About a month ago, I posted a blog about the angry response from readers to comments made by a game commissioner who opposes creation of a pheasant stamp in Pennsylvania to help pay the steep costs of the pheasant-stocking program.
The Game Commission has spent upwards of $4 million annually in recent years stocking more than 200,000 birds for hunters, and as the prospect of tight budgets looms with the dwindling of game lands Marcellus shale natural gas receipts, the agency’s expensive pheasant program has come under scrutiny.

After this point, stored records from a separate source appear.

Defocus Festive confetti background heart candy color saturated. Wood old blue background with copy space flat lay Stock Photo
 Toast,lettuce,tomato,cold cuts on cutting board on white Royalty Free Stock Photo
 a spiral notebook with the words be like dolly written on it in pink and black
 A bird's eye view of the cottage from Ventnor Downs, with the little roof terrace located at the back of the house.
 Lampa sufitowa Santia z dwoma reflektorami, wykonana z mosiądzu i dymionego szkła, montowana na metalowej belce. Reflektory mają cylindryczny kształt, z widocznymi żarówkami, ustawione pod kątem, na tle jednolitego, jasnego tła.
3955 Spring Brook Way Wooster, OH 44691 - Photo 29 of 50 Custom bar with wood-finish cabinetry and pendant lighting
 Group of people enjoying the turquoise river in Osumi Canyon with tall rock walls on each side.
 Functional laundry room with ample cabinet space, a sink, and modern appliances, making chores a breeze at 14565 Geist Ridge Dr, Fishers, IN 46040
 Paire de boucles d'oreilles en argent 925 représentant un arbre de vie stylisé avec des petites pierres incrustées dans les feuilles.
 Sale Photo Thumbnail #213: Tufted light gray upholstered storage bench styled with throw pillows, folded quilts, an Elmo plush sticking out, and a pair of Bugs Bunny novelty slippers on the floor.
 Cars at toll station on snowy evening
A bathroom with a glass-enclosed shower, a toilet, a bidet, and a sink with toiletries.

Commissioner Tim Layton, of Windber, Pa., made some comments at the commission’s recent meeting that were seen as elitist by many readers (https://www.outdoornews.com/October-2015/It-seems-like-most-agree-Pennsylvania-needs-a-pheasant-hunting-stamp/). I agreed with offended readers, but suggested that Layton didn’t really mean what he said.
In response, Layton said he thought my blog was “brutal” and that he believes his remarks were misinterpreted, so he issued the following clarification about his rationale for opposing a pheasant stamp. In it, he characterizes the Game Commission as a business – perhaps unrealistically so – and argues against the creation of a users fee.
You can decide whether he’s right or wrong:
“I have received a fair amount of negative press about my position on the pheasant stamp issue and found it necessary to explain my position.
“My outlook on the pheasant program is that it is part of our marketing program. Every business must invest in certain aspects of its business in order for the business to grow.
“The amount of money required for marketing is never small. We will never grow our business plan if we are not willing to invest in marketing to our hunters.
“In this case, making pheasants available to all hunters without barriers, the pheasant program is a marketing effort to retain and recruit hunters. Our surveys clearly show that our hunters strongly support the pheasant program.
“Sure it would be nice to have the program pay for itself; but in essence it does.
“We invest a tremendous amount of this money into our game lands system … but you need something to hunt.
“Given the increasing demand on places to hunt, and the desperate shape our agricultural landscape is in and what it has to offer for small game – which is almost non-existent, with little hope for a landscape level turnaround – put-and-take pheasant hunting is an investment necessary to at least offer our hunters something to hunt.
“Companies that succeed during tough times are usually companies with enough vision to make prudent investments in certain aspects of their business. Achieving prosperity requires vision, balanced risk, and innovation.
“Government agencies usually struggle with this concept; fortunately the Game Commission is able to deal with this complexity better than most government agencies because we are forced to operate on our own earnings. If we find ways to increase revenues, we can make more investments into our programs, exactly like a non-funded entity does.
“Because the agency is forced to operate on our own self-generated revenue, the concept of marketing and branding becomes pivotal to our ability to maintain and grow our business of conservation.
“Keeping hunting available to our hunters, finding ways to get young hunters to participate, and re-engaging lapsed hunters is not only the right thing to do, it is smart business in the long term. That is why I am not currently in favor of a pheasant stamp.”